Records from a dataset:
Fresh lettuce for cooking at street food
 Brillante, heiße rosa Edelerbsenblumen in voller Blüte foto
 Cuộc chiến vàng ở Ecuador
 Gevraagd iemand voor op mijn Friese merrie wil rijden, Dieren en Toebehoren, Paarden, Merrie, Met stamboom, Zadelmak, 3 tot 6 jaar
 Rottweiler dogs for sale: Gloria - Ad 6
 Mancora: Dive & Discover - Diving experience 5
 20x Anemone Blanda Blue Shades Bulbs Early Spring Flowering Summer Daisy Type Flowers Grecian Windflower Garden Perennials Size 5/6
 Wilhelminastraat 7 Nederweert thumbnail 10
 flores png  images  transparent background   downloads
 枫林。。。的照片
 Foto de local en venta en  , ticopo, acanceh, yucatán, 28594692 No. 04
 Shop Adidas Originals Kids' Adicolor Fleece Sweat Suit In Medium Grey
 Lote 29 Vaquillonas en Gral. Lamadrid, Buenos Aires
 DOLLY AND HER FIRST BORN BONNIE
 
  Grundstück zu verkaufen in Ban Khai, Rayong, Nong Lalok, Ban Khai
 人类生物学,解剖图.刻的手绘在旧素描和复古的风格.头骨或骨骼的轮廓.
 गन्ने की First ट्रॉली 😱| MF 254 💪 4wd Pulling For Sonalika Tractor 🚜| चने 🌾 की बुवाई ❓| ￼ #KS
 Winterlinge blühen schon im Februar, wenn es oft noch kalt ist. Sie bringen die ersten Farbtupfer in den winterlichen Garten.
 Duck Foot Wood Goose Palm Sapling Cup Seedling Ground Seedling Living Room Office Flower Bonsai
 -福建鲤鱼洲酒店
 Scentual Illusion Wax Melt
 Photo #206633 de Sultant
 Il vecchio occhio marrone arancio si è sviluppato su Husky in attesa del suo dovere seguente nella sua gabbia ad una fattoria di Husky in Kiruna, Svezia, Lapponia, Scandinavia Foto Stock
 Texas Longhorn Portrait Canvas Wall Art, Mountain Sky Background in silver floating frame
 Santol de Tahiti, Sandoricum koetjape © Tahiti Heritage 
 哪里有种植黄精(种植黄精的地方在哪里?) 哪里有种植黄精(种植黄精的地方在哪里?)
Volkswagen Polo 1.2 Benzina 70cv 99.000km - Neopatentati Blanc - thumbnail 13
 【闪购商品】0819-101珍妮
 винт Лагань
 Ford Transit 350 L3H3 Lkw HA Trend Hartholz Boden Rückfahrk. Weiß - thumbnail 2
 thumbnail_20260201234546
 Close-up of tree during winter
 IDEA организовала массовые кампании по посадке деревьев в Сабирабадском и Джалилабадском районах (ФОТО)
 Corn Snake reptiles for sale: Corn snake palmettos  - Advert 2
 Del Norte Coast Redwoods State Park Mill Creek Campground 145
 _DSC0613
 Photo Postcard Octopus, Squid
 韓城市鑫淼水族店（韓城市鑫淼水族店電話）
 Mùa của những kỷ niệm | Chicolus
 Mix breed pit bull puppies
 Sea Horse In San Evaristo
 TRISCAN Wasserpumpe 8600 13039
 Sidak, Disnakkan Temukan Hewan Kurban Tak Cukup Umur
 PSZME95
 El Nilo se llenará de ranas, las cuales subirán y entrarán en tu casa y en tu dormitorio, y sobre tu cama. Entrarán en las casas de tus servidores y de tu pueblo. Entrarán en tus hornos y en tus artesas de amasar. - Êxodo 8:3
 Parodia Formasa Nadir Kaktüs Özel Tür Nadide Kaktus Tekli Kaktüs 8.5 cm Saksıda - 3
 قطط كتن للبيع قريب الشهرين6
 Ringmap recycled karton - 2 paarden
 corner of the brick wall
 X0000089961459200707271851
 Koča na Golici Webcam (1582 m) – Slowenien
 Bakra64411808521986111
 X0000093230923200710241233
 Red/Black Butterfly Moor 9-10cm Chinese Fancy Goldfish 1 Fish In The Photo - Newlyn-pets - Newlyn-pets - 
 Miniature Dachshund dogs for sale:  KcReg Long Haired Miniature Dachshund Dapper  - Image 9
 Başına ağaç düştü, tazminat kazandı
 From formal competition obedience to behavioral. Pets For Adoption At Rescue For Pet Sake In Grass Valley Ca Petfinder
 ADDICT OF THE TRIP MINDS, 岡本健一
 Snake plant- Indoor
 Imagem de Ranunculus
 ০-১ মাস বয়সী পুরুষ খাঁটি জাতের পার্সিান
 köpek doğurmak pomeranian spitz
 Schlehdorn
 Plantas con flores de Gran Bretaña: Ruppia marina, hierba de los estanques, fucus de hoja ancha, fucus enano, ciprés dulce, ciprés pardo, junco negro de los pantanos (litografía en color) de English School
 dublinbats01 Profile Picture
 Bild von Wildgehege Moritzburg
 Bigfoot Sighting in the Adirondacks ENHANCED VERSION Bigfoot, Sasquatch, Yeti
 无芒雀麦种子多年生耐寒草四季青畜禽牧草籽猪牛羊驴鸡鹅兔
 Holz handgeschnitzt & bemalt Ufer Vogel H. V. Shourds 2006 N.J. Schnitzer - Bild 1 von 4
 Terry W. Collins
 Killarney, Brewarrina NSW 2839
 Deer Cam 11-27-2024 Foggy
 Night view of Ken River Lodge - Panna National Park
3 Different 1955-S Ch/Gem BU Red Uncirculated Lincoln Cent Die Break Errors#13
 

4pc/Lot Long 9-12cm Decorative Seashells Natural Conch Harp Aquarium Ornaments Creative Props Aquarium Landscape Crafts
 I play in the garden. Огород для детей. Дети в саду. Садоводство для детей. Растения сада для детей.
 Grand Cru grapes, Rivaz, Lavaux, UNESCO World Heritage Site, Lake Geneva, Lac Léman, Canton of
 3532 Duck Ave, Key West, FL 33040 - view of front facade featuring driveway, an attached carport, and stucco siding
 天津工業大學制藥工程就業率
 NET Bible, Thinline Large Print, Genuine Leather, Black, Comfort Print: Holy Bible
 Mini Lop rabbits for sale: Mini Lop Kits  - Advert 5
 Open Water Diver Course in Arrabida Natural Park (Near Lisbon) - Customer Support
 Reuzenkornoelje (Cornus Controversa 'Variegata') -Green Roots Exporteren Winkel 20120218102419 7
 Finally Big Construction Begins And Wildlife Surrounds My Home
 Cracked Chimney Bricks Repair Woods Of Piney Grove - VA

**TASK ITEM:** Set down, from the entries above, exactly the lines from the one with "Red/Black Butterfly Moor" up to and including the one with "Grand Cru grapes, Rivaz, Lavaux, UNESCO", and no other lines.

**SOLUTION:**
 Red/Black Butterfly Moor 9-10cm Chinese Fancy Goldfish 1 Fish In The Photo - Newlyn-pets - Newlyn-pets - 
 Miniature Dachshund dogs for sale:  KcReg Long Haired Miniature Dachshund Dapper  - Image 9
 Başına ağaç düştü, tazminat kazandı
 From formal competition obedience to behavioral. Pets For Adoption At Rescue For Pet Sake In Grass Valley Ca Petfinder
 ADDICT OF THE TRIP MINDS, 岡本健一
 Snake plant- Indoor
 Imagem de Ranunculus
 ০-১ মাস বয়সী পুরুষ খাঁটি জাতের পার্সিান
 köpek doğurmak pomeranian spitz
 Schlehdorn
 Plantas con flores de Gran Bretaña: Ruppia marina, hierba de los estanques, fucus de hoja ancha, fucus enano, ciprés dulce, ciprés pardo, junco negro de los pantanos (litografía en color) de English School
 dublinbats01 Profile Picture
 Bild von Wildgehege Moritzburg
 Bigfoot Sighting in the Adirondacks ENHANCED VERSION Bigfoot, Sasquatch, Yeti
 无芒雀麦种子多年生耐寒草四季青畜禽牧草籽猪牛羊驴鸡鹅兔
 Holz handgeschnitzt & bemalt Ufer Vogel H. V. Shourds 2006 N.J. Schnitzer - Bild 1 von 4
 Terry W. Collins
 Killarney, Brewarrina NSW 2839
 Deer Cam 11-27-2024 Foggy
 Night view of Ken River Lodge - Panna National Park
3 Different 1955-S Ch/Gem BU Red Uncirculated Lincoln Cent Die Break Errors#13
 

4pc/Lot Long 9-12cm Decorative Seashells Natural Conch Harp Aquarium Ornaments Creative Props Aquarium Landscape Crafts
 I play in the garden. Огород для детей. Дети в саду. Садоводство для детей. Растения сада для детей.
 Grand Cru grapes, Rivaz, Lavaux, UNESCO World Heritage Site, Lake Geneva, Lac Léman, Canton of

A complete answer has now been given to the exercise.